Afghanistan's misery seems unending

Update: 2021-03-23 01:33 IST

Afghanistan’s misery seems unending

The Afghan Taliban leaders have asked the US troops to withdraw from their country as agreed upon in the exit plan by May 1, this year. The February 2020 exit plan reached between the US administration and the Taliban at Doha, Qatar, envisaged US troop withdrawal by May 1 of 2021.

The Taliban issued their warning the day after meeting with senior Afghan government negotiators and international observers from the United States, Russia, China and Pakistan to try to jump-start a stalled peace process to end Afghanistan's two-decade long war.

The summit came as the US is trying to breathe life back into a faltering peace process between the Afghan government and the Taliban just weeks ahead of the May 1 deadline for US forces to exit the country. As is known to all, the US administration is unsure of its exit due to the anticipated collateral damage as it is a "tough" choice. Joe Biden is unsure of his troops exit, because the Taliban does not guarantee peace in Afghanistan if the former does so.

There was, earlier, a suggestion that it should stay on for some more time by seeking an extension of the deadline. But this idea was always fraught with the chance of the Taliban seeking extraordinary exemptions like lifting of sanctions against it. Anyway, it does not matter now. The options are foreclosed with the Taliban taking a stand against the US troops continuing in their land.

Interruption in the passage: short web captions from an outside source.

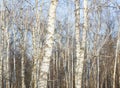 White slim birch trees in the forest Royalty Free Stock Photo
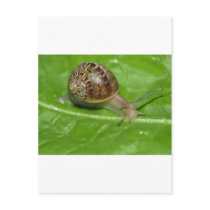 Snail Post Cards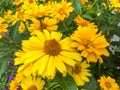 Heliopsis Helianthoides, rough oxeye, smooth oxeye and false sunflower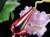 天然琥珀 グリーンアンバー ペンダント Silver925 バルト海産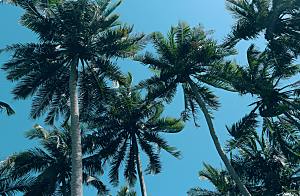 海南热带水果椰子树摄影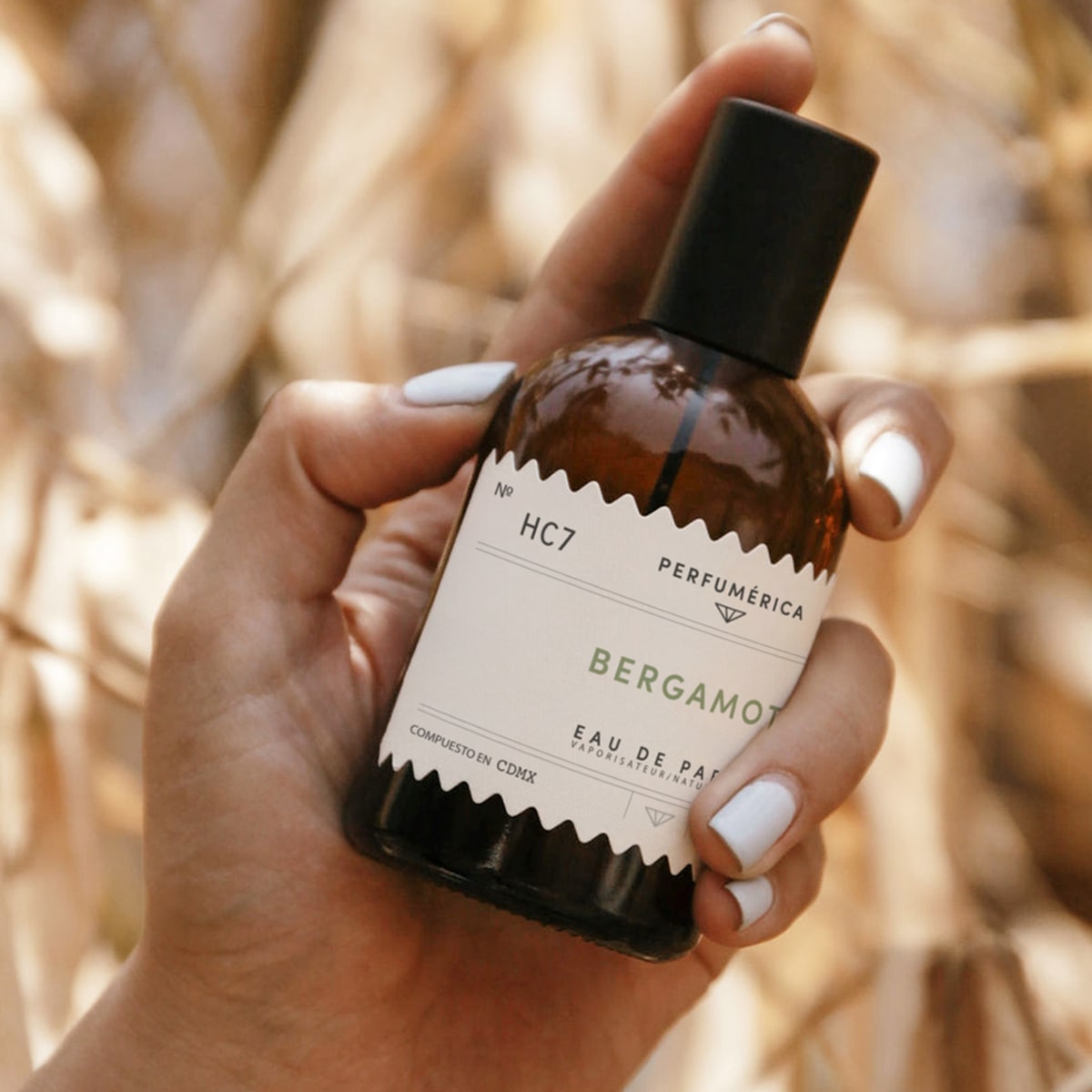 Perfumerica Bergamota Eau de Parfum (120 ml) - product shown being held.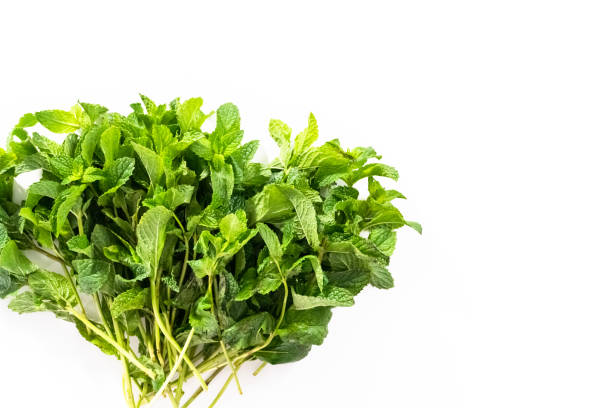 istock Fresh mint from the organic garden on a white background. 1164055035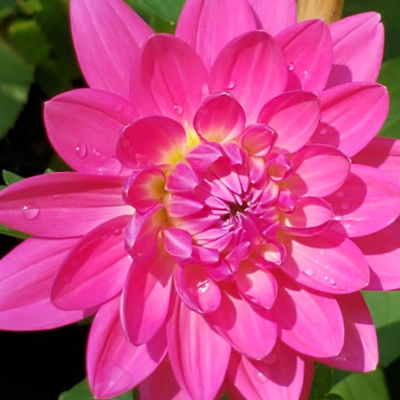 Dalia dekoracyjna Rosella 1szt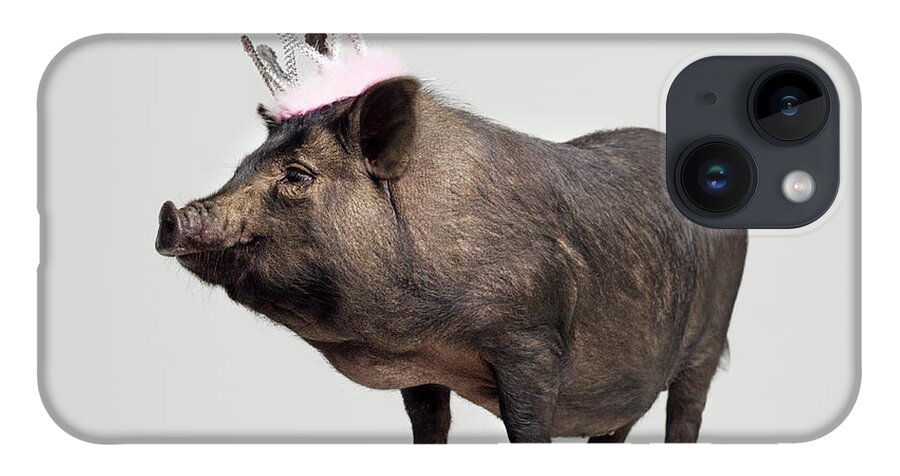 Crown iPhone Case featuring the photograph Pig With Toy Crown On Head, Studio Shot by Roger Wright
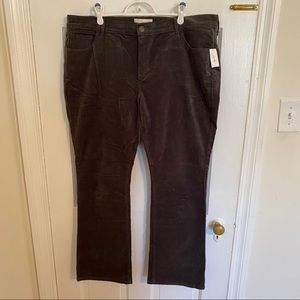 Dark Gray Corduroy Pants
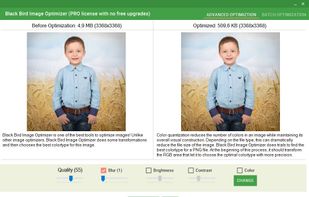 Black Bird Image Optimizer does trials to find the best colortype for a PNG file.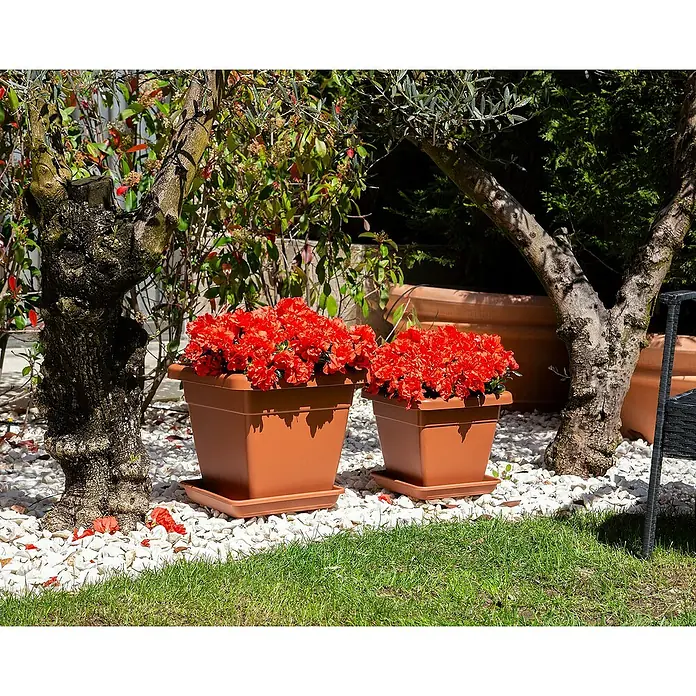 Artevasi Venezia Pflanzkasten - Außenmaß (L x B x H): 30 x 30 x 26 cm, Kunststoff, Terracotta - Stimmungsaufnahme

Now the Taliban says that the deadline could not be extended and "after that it will be a kind of violation of the agreement. That violation would not be from our side...their violation will have a reaction", a Taliban spokesperson told the media in Moscow the other day (Russia, China and Afghanistan meeting was held here) to discuss the road map for peace.

The problem here is that peace continues to elude Afghanistan because the Taliban and the Afghan government do not see eye to eye on anything. Taliban does not recognise the Afghan Government itself as it disputes the electoral process that installed the government in the last elections.

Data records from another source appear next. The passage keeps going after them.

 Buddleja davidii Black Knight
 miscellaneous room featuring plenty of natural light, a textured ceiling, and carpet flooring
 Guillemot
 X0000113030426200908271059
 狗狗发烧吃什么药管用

Taliban seeks to capture power by displacing the Afghan government in place now. Credit should go to the Taliban for keeping its word on not mounting any attacks on the US troops since the Doha agreement.

However, attacks on civilians and the Government forces continued throughout. The US fears the continued attacks while the Taliban says lasting peace is not possible if the former continues to keep its troops on Afghan soil. There are issues with the deal that the previous Trump regime had arrived at with the Taliban. The Afghan Government was not agreeable to it in the first place.

It was Donald Trump's compulsion rather than any, that forced the deal, as pulling out of Afghanistan was Trump's promise to his constituency. He sought to keep his word before the elections and hence the deal. Biden had been a critic of the deal. Afghanistan seems to be on the cusp of yet another bloody chapter.